→ **Exercise brief**: From the entries below, return only the lines starting at the one that contains "Console Sink With" and ending at the one that contains "Chiffon Off-shoulder Long", exactly as they stand.

→ **Data in this exercise**:
>>>
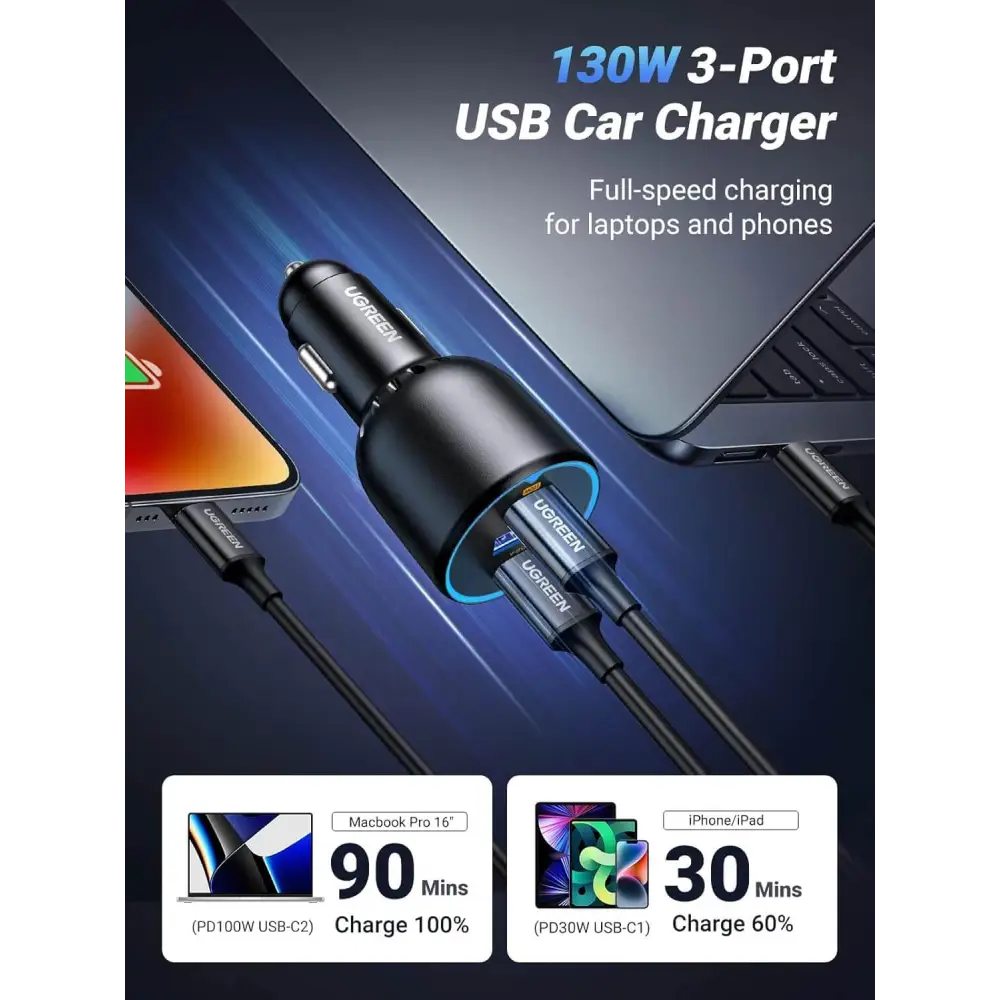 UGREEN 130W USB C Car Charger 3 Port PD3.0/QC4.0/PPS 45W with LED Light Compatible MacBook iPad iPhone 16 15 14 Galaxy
<<<
>>>
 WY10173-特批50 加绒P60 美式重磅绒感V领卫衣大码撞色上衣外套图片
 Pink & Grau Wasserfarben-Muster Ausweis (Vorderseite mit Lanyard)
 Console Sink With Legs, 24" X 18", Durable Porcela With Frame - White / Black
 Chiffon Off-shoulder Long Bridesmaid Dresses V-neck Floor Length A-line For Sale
<<<
→ **Answer to the exercise**:
 Console Sink With Legs, 24" X 18", Durable Porcela With Frame - White / Black
 Chiffon Off-shoulder Long Bridesmaid Dresses V-neck Floor Length A-line For Sale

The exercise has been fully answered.